What needs to be done. Go to the line that contains "new 2025 Hyundai" in the listing below, then output it and every line after it exactly, omitting pictures.

**** Raw data ****

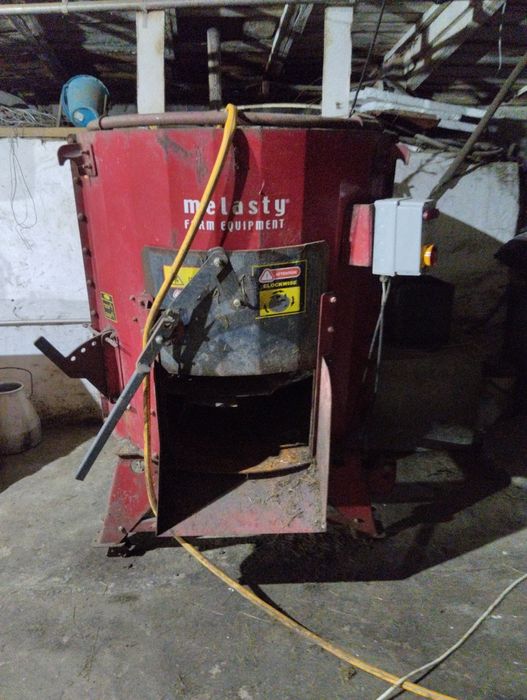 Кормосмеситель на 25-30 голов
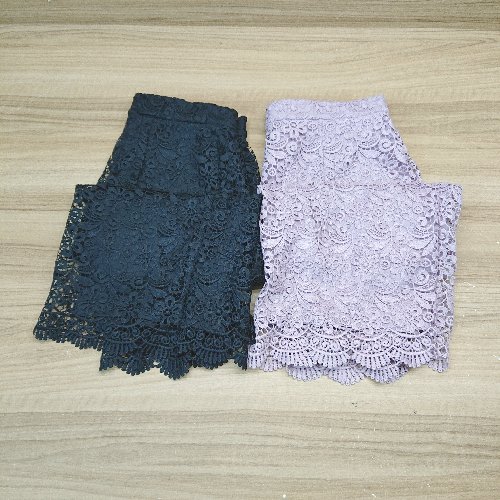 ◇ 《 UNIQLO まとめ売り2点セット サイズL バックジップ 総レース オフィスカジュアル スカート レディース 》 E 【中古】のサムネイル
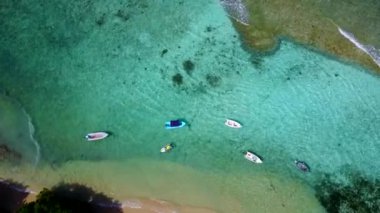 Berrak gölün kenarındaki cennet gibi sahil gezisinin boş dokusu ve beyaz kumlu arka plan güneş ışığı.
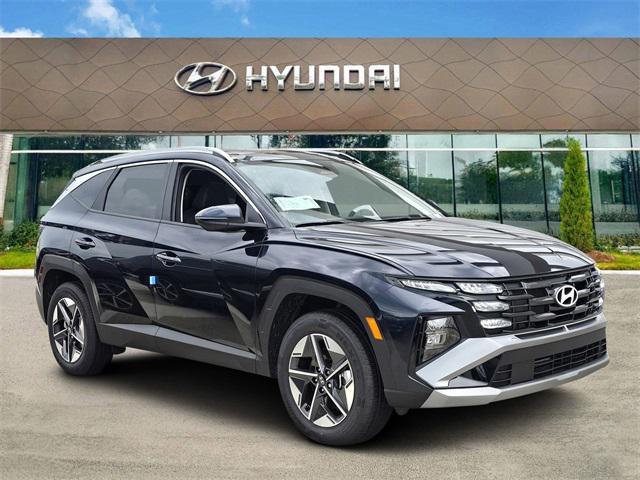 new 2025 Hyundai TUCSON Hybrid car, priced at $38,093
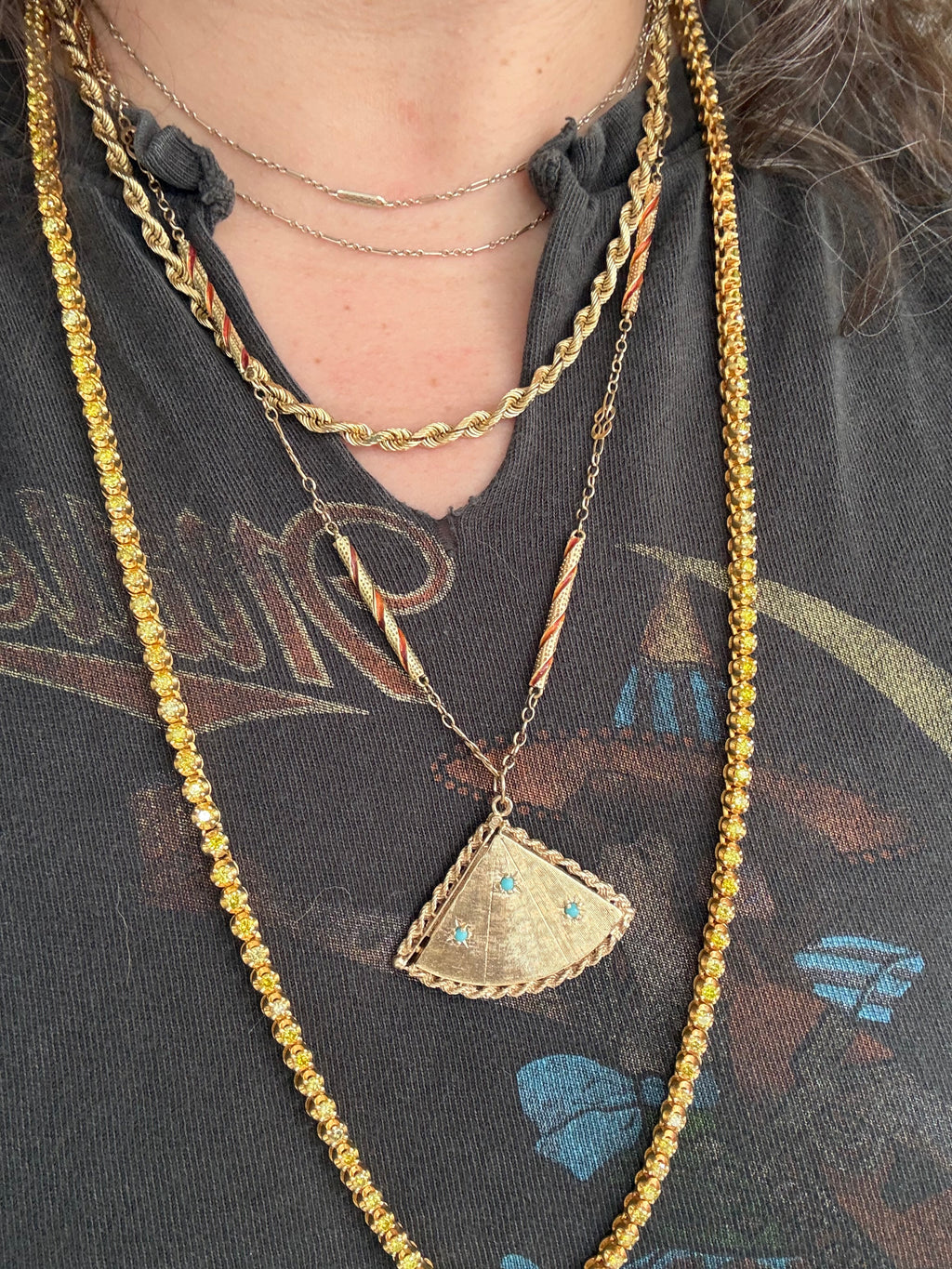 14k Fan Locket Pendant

****

Solution below.
 new 2025 Hyundai TUCSON Hybrid car, priced at $38,093
 14k Fan Locket Pendant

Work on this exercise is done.